En ouvrant les paupières, le regard vague de Marianne capta un visage brun prolongé d'une barbiche noire qu'elle identifia aussitôt.

— Docteur !... souffla-t-elle. Est-ce que... ce sera encore long ?

— Souffrez-vous donc encore ?

— N... on ! Non... c'est vrai, je n'ai plus mal !

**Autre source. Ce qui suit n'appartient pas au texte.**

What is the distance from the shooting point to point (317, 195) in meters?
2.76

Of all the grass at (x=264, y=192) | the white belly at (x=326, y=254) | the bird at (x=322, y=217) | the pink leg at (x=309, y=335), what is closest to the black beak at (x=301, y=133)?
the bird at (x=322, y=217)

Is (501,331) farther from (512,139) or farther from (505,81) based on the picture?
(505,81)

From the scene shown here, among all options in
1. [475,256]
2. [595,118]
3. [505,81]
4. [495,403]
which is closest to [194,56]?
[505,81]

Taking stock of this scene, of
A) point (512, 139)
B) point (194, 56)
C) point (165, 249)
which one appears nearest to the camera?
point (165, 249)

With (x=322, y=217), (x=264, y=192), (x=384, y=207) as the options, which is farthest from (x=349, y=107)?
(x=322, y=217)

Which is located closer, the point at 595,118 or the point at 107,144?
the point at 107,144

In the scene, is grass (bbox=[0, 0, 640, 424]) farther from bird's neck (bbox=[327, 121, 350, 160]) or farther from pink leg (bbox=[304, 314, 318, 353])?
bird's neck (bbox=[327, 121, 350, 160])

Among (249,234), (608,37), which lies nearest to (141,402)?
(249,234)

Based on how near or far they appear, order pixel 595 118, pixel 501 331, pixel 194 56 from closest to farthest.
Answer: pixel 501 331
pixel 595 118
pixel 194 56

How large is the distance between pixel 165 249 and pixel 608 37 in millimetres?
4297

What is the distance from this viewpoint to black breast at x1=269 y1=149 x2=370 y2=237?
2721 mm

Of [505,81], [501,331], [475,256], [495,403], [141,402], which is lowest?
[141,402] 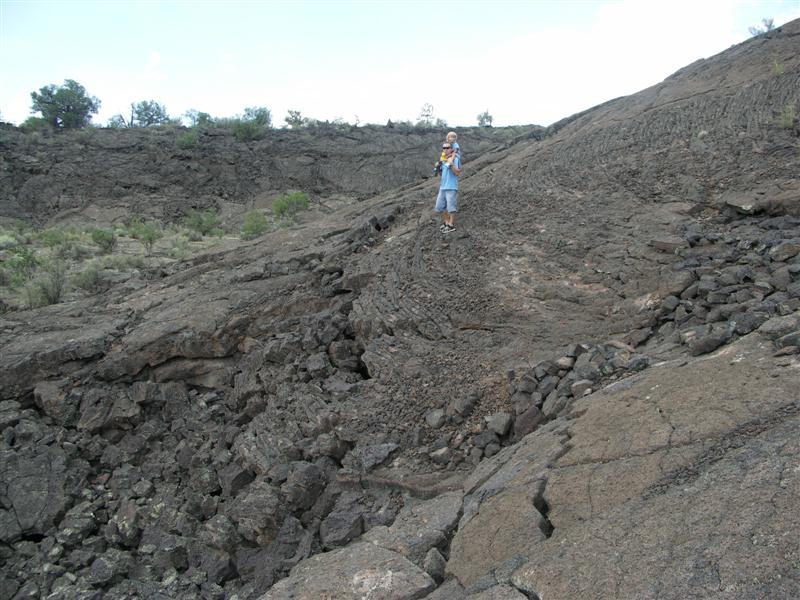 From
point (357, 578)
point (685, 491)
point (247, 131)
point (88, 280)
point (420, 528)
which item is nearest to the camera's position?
point (685, 491)

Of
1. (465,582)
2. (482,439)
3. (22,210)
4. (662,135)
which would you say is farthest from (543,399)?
(22,210)

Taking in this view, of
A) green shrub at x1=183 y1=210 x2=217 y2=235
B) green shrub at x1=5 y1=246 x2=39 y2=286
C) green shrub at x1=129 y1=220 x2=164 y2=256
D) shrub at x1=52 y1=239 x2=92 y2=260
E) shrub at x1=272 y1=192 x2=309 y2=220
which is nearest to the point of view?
green shrub at x1=5 y1=246 x2=39 y2=286

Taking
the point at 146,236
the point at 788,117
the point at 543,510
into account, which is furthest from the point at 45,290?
the point at 788,117

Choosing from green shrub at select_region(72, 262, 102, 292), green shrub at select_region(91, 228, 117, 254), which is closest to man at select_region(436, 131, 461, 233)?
green shrub at select_region(72, 262, 102, 292)

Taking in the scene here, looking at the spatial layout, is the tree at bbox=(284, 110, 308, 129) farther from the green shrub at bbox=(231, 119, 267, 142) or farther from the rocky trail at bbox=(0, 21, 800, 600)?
the rocky trail at bbox=(0, 21, 800, 600)

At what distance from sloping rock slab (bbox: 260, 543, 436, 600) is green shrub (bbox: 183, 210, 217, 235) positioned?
1573 centimetres

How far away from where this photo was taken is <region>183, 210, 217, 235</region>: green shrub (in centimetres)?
1883

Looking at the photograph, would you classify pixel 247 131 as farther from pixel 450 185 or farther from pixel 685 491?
pixel 685 491

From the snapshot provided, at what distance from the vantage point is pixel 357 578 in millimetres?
3533

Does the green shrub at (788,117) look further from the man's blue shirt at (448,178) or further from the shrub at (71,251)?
the shrub at (71,251)

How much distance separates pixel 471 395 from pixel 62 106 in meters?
28.0

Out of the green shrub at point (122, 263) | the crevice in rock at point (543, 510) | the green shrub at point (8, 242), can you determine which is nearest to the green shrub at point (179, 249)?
the green shrub at point (122, 263)

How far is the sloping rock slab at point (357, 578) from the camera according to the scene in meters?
3.31

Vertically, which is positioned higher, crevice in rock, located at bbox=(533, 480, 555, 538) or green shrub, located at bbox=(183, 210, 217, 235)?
green shrub, located at bbox=(183, 210, 217, 235) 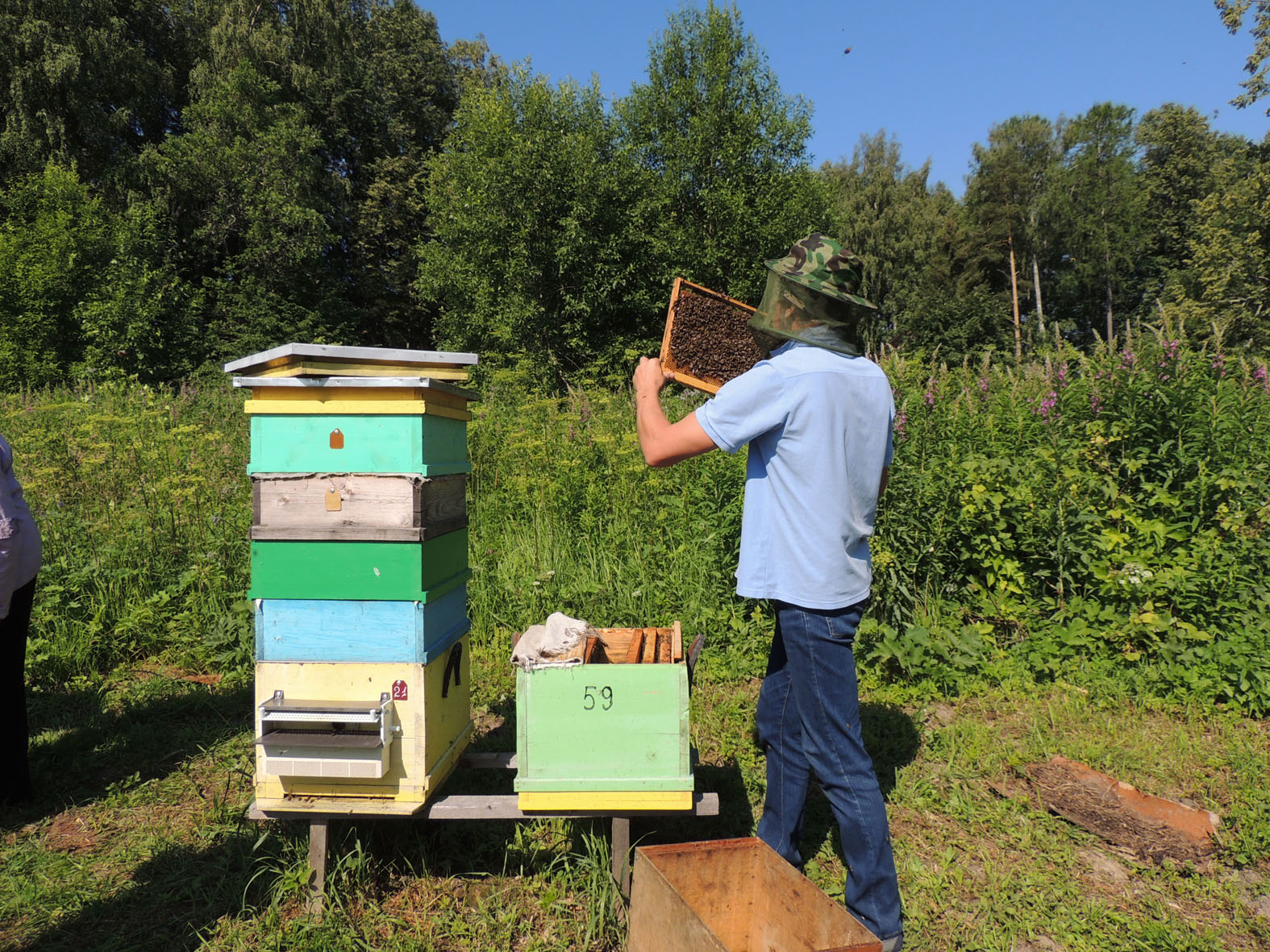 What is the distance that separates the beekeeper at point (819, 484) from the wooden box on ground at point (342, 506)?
2.59 feet

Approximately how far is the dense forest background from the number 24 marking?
54.8ft

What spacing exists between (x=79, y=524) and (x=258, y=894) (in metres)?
4.20

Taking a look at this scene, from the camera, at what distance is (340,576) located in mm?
2457

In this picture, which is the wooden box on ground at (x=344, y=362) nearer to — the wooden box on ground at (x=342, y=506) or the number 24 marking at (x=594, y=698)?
the wooden box on ground at (x=342, y=506)

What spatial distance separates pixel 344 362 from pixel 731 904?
82.7 inches

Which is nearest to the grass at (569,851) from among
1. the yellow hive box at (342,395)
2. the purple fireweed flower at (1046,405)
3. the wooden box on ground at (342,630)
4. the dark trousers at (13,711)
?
the dark trousers at (13,711)

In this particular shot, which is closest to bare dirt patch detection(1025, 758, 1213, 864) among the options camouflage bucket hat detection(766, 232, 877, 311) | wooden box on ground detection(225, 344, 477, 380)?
camouflage bucket hat detection(766, 232, 877, 311)

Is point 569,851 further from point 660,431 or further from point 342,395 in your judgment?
point 342,395

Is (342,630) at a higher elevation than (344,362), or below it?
below

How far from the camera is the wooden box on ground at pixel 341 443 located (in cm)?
243

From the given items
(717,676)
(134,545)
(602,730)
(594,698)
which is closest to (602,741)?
(602,730)

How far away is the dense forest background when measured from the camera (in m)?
20.6

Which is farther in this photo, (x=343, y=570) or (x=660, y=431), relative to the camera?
(x=343, y=570)

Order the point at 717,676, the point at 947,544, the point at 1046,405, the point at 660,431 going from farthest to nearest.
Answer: the point at 1046,405 < the point at 947,544 < the point at 717,676 < the point at 660,431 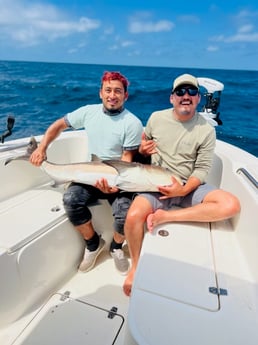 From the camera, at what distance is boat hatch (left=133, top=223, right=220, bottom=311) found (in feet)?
4.90

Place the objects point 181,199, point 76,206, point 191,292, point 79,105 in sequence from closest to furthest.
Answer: point 191,292, point 76,206, point 181,199, point 79,105

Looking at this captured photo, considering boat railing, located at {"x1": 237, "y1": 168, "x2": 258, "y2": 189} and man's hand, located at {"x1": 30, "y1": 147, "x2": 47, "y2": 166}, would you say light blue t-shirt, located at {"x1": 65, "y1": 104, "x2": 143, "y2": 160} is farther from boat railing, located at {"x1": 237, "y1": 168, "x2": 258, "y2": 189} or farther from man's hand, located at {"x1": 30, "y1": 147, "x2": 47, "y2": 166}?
boat railing, located at {"x1": 237, "y1": 168, "x2": 258, "y2": 189}

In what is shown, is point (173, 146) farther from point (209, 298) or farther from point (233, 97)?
point (233, 97)

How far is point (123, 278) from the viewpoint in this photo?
2410mm

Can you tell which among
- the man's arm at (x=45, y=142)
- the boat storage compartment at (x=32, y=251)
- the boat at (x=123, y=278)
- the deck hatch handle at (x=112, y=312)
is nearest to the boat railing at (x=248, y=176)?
the boat at (x=123, y=278)

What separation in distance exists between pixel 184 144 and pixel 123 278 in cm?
124

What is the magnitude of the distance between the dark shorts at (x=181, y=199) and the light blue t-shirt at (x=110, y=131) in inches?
19.4

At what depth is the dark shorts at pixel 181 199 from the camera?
7.42ft

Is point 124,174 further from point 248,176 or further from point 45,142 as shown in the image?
point 248,176

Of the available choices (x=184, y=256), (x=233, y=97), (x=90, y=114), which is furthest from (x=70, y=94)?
(x=184, y=256)

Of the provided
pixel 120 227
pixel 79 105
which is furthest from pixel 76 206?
pixel 79 105

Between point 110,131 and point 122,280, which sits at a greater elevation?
point 110,131

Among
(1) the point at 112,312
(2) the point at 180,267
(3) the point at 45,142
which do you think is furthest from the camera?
(3) the point at 45,142

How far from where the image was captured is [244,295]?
1544 mm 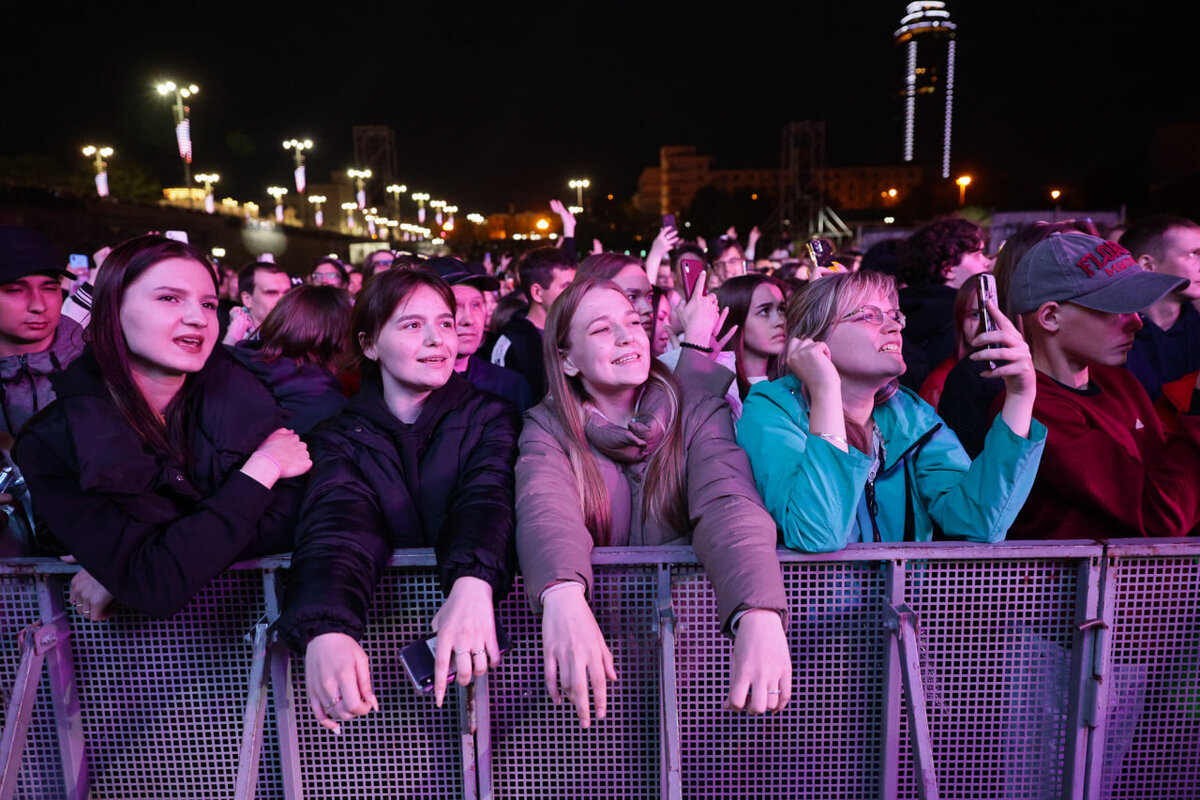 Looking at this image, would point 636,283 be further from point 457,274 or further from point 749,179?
point 749,179

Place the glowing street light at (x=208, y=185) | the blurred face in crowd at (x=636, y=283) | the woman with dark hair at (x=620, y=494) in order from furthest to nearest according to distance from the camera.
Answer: the glowing street light at (x=208, y=185)
the blurred face in crowd at (x=636, y=283)
the woman with dark hair at (x=620, y=494)

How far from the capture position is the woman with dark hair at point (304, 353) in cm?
406

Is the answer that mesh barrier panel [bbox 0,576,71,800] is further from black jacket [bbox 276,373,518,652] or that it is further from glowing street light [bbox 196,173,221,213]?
glowing street light [bbox 196,173,221,213]

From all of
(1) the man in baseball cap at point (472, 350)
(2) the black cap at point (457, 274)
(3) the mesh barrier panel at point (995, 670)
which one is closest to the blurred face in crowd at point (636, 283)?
(1) the man in baseball cap at point (472, 350)

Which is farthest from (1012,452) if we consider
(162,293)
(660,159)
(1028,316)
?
(660,159)

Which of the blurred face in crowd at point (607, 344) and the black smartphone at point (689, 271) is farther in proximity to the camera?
the black smartphone at point (689, 271)

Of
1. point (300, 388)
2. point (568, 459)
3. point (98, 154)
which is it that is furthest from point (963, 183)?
point (98, 154)

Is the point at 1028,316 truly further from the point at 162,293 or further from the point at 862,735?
the point at 162,293

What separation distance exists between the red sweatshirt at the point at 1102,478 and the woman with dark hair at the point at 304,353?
308cm

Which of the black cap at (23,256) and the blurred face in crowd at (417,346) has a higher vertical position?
the black cap at (23,256)

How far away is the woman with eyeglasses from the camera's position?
7.36 ft

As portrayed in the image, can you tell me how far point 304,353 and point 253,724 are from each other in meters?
2.49

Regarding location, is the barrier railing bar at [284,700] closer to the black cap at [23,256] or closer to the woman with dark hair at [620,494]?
the woman with dark hair at [620,494]

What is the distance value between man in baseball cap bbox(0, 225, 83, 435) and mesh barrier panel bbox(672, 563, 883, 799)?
3.10 m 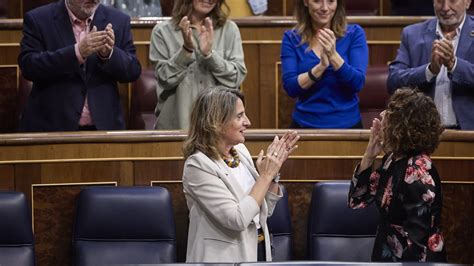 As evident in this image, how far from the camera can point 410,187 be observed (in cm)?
289

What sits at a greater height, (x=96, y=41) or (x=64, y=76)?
(x=96, y=41)

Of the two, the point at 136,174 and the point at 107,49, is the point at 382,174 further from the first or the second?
the point at 107,49

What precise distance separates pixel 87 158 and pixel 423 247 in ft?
4.11

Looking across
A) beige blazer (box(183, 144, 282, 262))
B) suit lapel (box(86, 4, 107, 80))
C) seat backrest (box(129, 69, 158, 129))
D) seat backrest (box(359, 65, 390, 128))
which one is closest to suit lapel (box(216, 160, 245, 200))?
beige blazer (box(183, 144, 282, 262))

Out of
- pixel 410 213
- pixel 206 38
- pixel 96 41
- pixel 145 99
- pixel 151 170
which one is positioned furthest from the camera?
pixel 145 99

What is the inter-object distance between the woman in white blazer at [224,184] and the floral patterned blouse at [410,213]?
0.31m

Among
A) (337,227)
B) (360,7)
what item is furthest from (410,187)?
(360,7)

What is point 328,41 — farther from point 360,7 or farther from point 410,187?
point 360,7

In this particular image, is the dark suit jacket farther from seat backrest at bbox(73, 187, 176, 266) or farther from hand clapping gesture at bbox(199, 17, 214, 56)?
seat backrest at bbox(73, 187, 176, 266)

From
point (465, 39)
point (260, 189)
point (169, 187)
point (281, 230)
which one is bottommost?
point (281, 230)

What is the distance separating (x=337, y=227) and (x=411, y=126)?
2.28 ft

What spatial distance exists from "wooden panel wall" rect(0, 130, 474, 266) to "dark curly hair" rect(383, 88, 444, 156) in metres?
0.71

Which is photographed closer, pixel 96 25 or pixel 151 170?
pixel 151 170

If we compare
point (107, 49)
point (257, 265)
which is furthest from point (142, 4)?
point (257, 265)
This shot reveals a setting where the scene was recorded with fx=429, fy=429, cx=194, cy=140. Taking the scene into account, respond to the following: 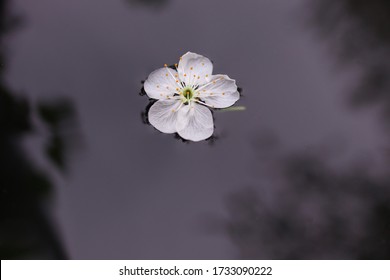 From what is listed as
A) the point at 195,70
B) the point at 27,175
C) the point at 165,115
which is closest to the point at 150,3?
the point at 195,70

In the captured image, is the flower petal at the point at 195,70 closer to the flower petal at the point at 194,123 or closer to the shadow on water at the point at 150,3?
the flower petal at the point at 194,123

— C'est tout naturel puisque tout est fini.

— Fi... ni ?

Elle décomposait le mot comme pour mieux en saisir la signification, sensible surtout à l'apaisement bienheureux que connaissait son corps supplicié. Fini ! L'atroce douleur était finie. Cela voulait dire que la torture ne recommencerait pas et qu'elle, Marianne, allait enfin pouvoir dormir...

Mais le visage se pencha davantage et elle perçut l'odeur d'ambre qui se dégageait des vêtements.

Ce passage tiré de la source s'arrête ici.